-- Data follows --
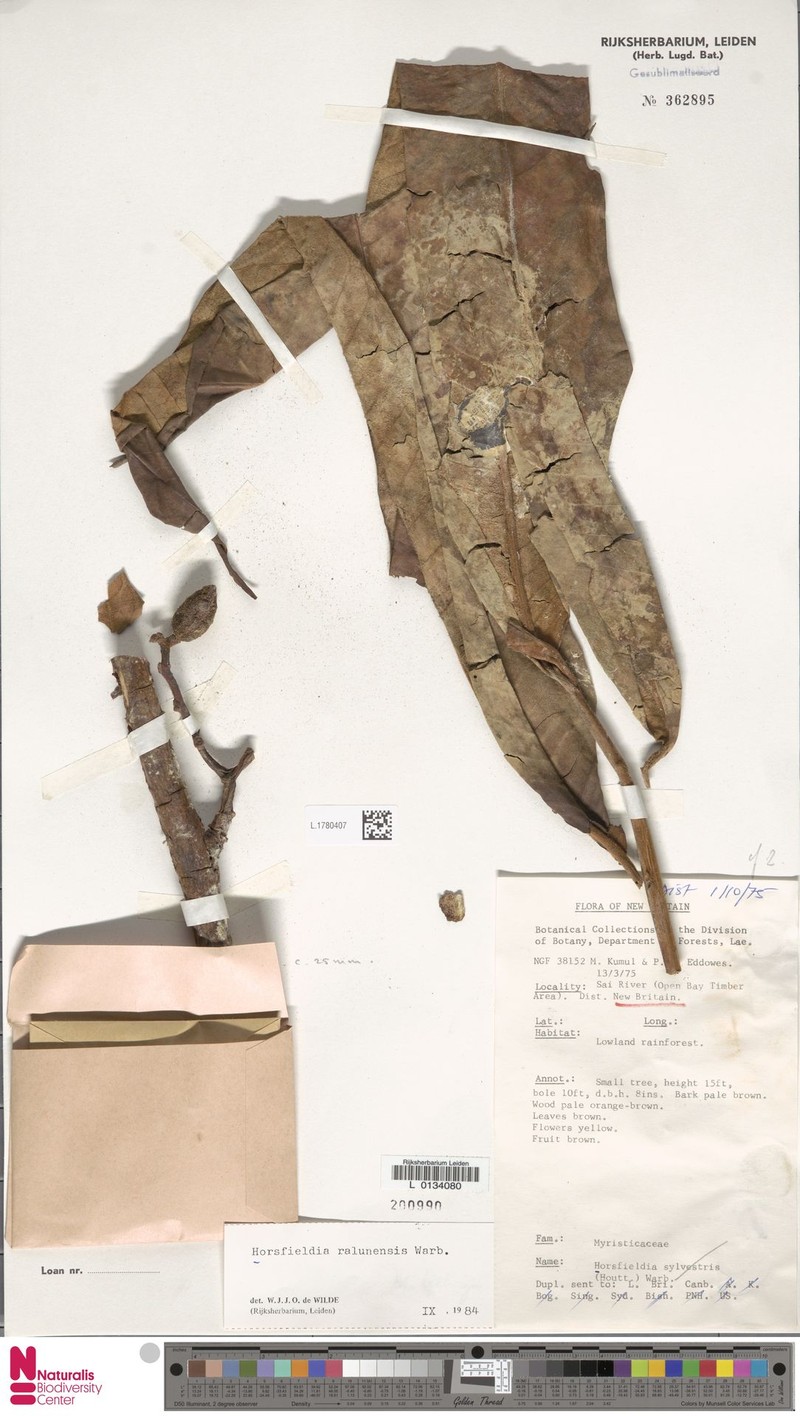 Horsfieldia ralunensis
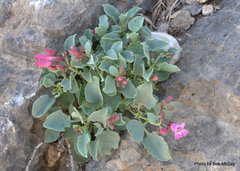 Penstemon petiolatus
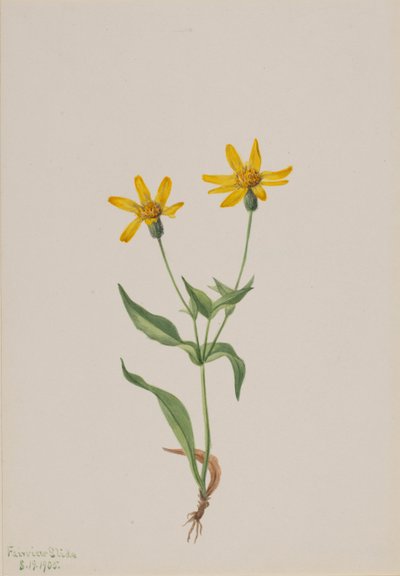 Arnica alpina, 1905 by Mary Vaux Walcott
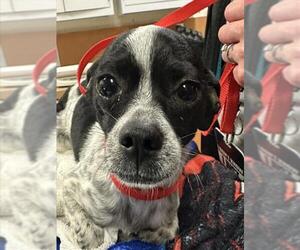 Chihuahua Dogs for adoption in Martinez, CA, USA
-- Data concluded --
__What this task involves__
Your copy should begin at the line containing "Arnica alpina, 1905 by Mary Vaux Walcott" and end at the last line of the data above, matching each line exactly and holding no pictures.

__Reply to the task__
 Arnica alpina, 1905 by Mary Vaux Walcott
 Chihuahua Dogs for adoption in Martinez, CA, USA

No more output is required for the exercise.